Bu soruna neden olan kloroflorokarbon (CFC)
gazları, buzdolapları, klimalar ve çözücülerde yer alıyor. 1992'deki Rio
zirvesinde bu gazların kullanımının azaltılması kararı alındı ama hayata
geçirilmedi.
Ozon tabakasına zarar vermediği için CFC
yerine kullanılan HCFC gazları ise sera etkisi yapıyor.
Dünyanın önde gelen dev şirketleri ICI ve
Du Pont her iki gazın üretim izinlerine sahip ve bu gazların kullanımında
ısrarlılar. Çünkü bu sayede yüz milyarlarca dolar kâr elde ediyorlar.
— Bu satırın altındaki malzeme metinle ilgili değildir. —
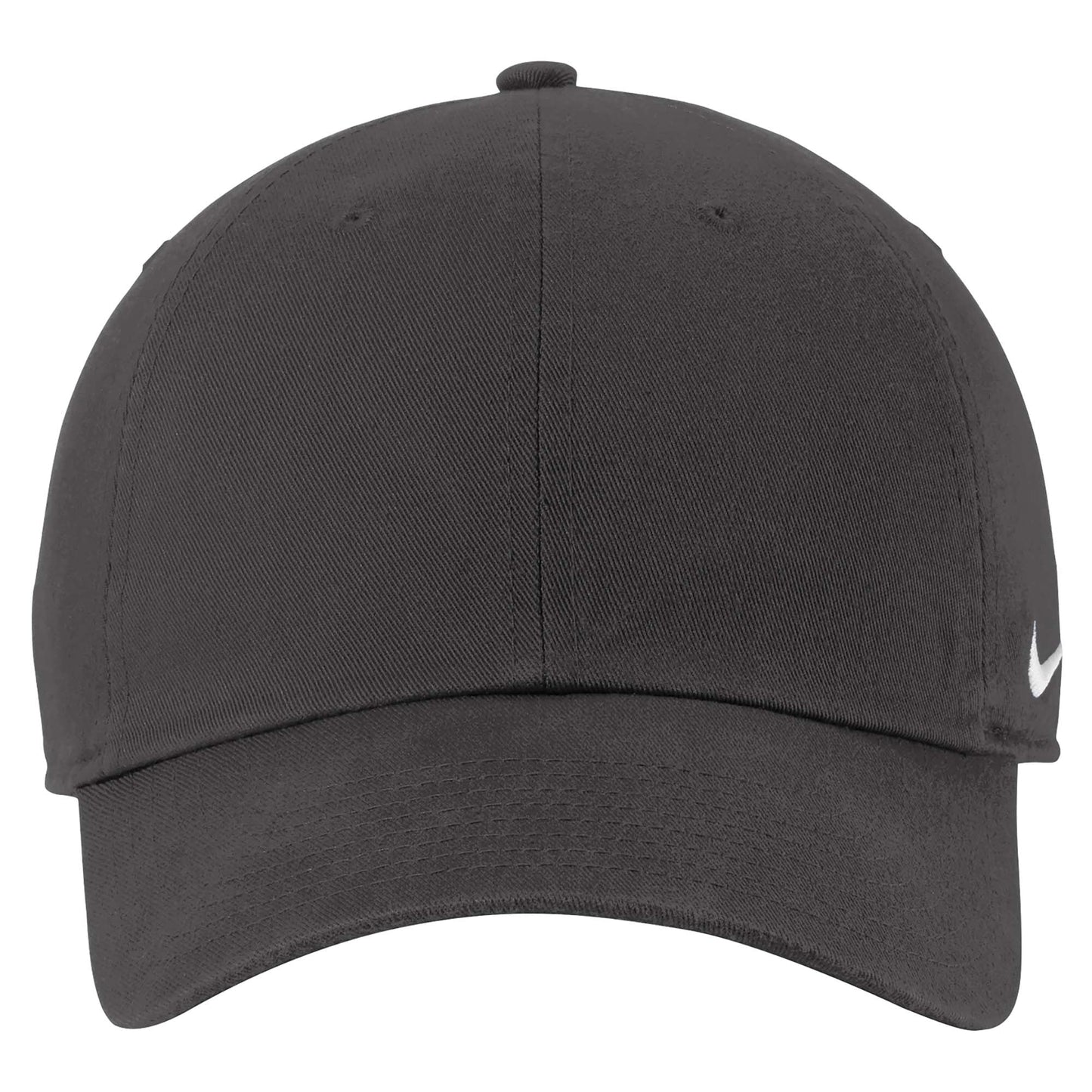 White Ball Caps - Nike - Comfortable Cotton Twill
Bu iki şirket ve diğer çokuluslu şirketler, yürüttükleri lobi faaliyetleri
ile yaptıkları yatırımları korumak için alınacak her türlü önlemi bertaraf
edebiliyorlar.
Ormanlar yok oluyor
Ormanların yok edilmesi sera etkisini hızlandırıyor.
Dünya Tabiat Vakfı'nın araştırmalarına göre 8 bin yıl önce mevcut olan
8.08 milyar hektar ormandan geriye 3.04 milyar hektar kaldı. Sadece 1990-1995
yılları arasında 101 bin 724 kilometrekarelik orman alanı yok edildi.
FAO'nun açıklamalarına göre 1993-2000 yılları arasında tüm tropik ormanların
yüzde 40'ı yok edilmiş durumda.
Çokuluslu şirketler 1995 yılında ağaç ihracatından
5.5 milyar dolar kâr elde ettiler.
Ormanlar sadece kereste ve kağıt olarak kullanıldığı
için tükenmiyor. "Asit yağmurları" da bir diğer etken. Katı yakıtların
kullanımıyla ortaya çıkan kükürtdioksit ve nitrojen oksit vb gazların
yağmur ve kar yoluyla taşınarak sadece ortaya çıktıkları yerleri değil
çok geniş bir alanı etkiledikleri
biliniyor. Sadece 15 Avrupa ülkesinde bu nedenle tükenen orman alanı 70
bin kilometrekare.
Asya kaplanları olarak bilinen ve krizle
çöken Güneydoğu Asya ülkelerinde son otuz yılda ormanların yüzde 50'si
yok edildi. Tüm Asya ormanlarının her yıl yüzde
biri yok oluyor.
Bu konuda Tayland çarpıcı bir örnek. Tayland
ekonomik büyümesini finanse eden en önemli kaynağı ormanlarını satarak
elde etti. Güneydoğu Asya'nın su kaynakları dünyanın en kirli su kaynakları
haline geldi ve Dünya Sağlık Örgütü'nün verilerine göre dünyanın en kirli
15 kentinden 13'ü bu bölgede bulunuyor.
Türkiye
Koç ve Sabancı, buzdolabı, klima vb. soğutucular
ve çözücüler üretiyor. Her ikisi de dünyanın en zengin şirketleri arasında.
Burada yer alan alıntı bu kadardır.